**YOUR OBJECTIVE:**
Each entry below must appear in the answer exactly as written.

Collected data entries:
[Start of Attachment]
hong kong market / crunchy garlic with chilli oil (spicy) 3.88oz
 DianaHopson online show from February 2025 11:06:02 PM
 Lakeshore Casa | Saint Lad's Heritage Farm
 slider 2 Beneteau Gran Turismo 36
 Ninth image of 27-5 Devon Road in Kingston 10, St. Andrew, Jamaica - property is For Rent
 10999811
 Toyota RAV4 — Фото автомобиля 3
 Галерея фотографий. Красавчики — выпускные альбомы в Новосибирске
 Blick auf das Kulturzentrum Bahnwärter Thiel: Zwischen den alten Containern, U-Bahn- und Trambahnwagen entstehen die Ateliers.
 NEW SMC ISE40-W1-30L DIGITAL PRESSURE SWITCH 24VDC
[End of Attachment]
**SOLUTION:**
hong kong market / crunchy garlic with chilli oil (spicy) 3.88oz
 DianaHopson online show from February 2025 11:06:02 PM
 Lakeshore Casa | Saint Lad's Heritage Farm
 slider 2 Beneteau Gran Turismo 36
 Ninth image of 27-5 Devon Road in Kingston 10, St. Andrew, Jamaica - property is For Rent
 10999811
 Toyota RAV4 — Фото автомобиля 3
 Галерея фотографий. Красавчики — выпускные альбомы в Новосибирске
 Blick auf das Kulturzentrum Bahnwärter Thiel: Zwischen den alten Containern, U-Bahn- und Trambahnwagen entstehen die Ateliers.
 NEW SMC ISE40-W1-30L DIGITAL PRESSURE SWITCH 24VDC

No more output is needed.